#### INSTRUCTIONS FOR THE TASK:
Retype the material that follows exactly, limited to the lines from the one with "Y'all drop down" through the one with "The RX tankless", and keep out all pictures.

#### RECORDS FOR THE EXERCISE:

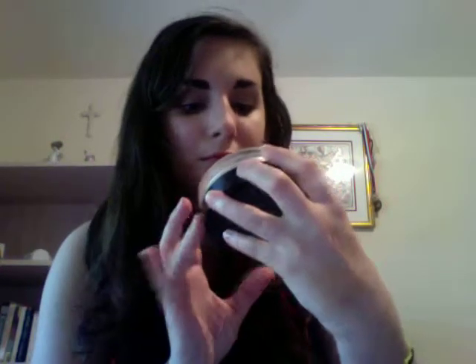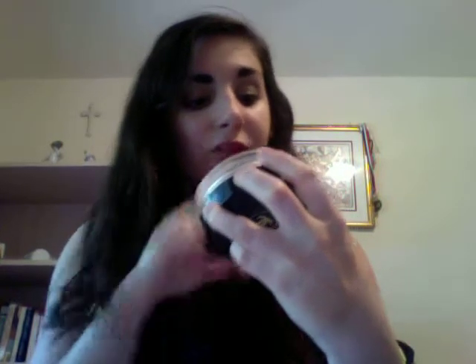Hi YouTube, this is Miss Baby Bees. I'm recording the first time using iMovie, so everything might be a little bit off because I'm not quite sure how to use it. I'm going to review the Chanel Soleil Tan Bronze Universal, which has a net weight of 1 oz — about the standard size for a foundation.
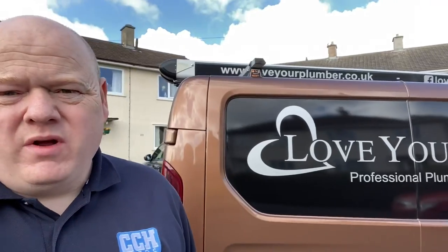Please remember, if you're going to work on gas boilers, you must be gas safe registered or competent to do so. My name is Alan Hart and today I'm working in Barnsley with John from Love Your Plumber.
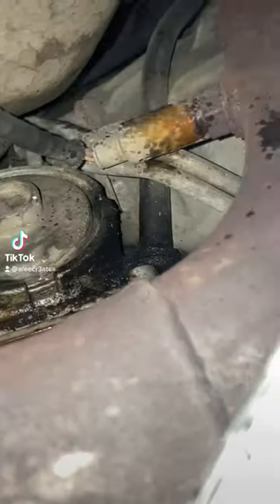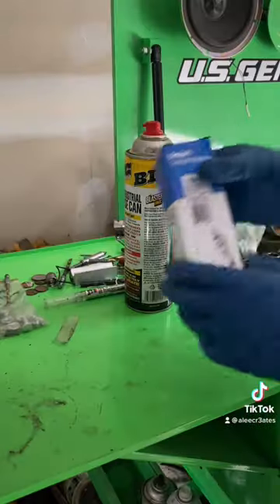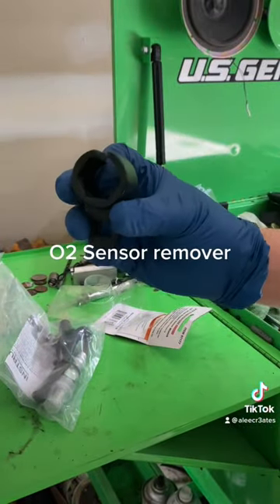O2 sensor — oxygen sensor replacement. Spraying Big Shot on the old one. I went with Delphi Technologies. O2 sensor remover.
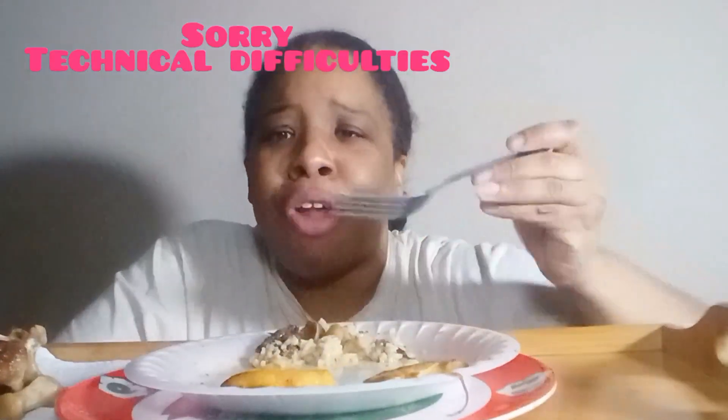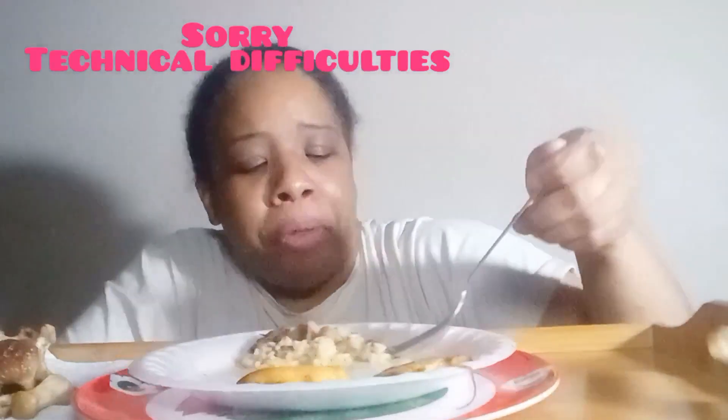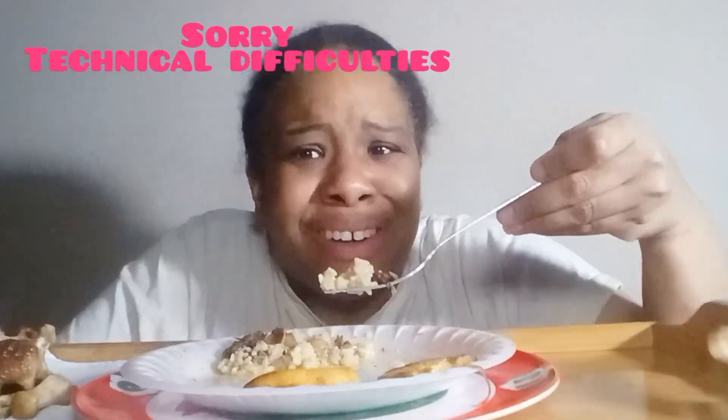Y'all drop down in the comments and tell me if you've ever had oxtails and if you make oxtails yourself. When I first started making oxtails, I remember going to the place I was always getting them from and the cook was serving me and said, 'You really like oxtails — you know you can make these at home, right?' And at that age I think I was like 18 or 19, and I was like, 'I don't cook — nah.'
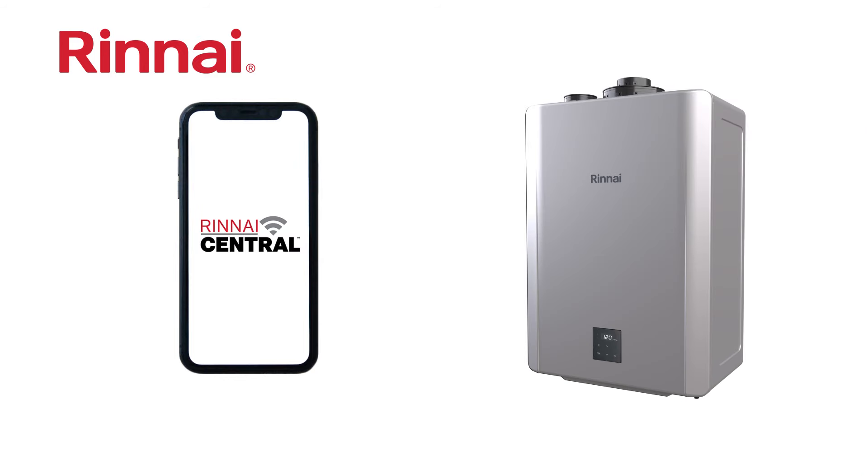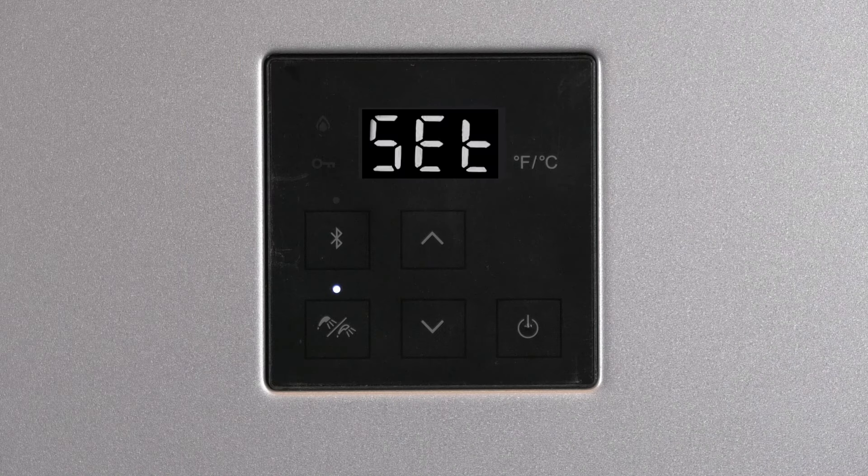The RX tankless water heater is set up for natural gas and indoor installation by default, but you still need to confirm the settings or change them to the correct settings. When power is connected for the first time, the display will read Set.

* * *

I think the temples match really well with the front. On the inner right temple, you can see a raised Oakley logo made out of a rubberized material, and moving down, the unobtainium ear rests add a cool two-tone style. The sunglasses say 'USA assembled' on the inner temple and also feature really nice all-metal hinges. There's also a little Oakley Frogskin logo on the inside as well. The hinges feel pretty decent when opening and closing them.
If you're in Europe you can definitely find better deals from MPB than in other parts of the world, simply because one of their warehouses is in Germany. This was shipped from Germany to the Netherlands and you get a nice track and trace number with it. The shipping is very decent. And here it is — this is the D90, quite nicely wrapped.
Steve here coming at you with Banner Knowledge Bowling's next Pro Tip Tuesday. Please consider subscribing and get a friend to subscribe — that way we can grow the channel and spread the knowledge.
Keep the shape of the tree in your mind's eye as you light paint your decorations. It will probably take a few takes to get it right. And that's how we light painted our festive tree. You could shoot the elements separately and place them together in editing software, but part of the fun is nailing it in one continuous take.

#### YOUR RESPONSE:
Y'all drop down in the comments and tell me if you've ever had oxtails and if you make oxtails yourself. When I first started making oxtails, I remember going to the place I was always getting them from and the cook was serving me and said, 'You really like oxtails — you know you can make these at home, right?' And at that age I think I was like 18 or 19, and I was like, 'I don't cook — nah.'
The RX tankless water heater is set up for natural gas and indoor installation by default, but you still need to confirm the settings or change them to the correct settings. When power is connected for the first time, the display will read Set.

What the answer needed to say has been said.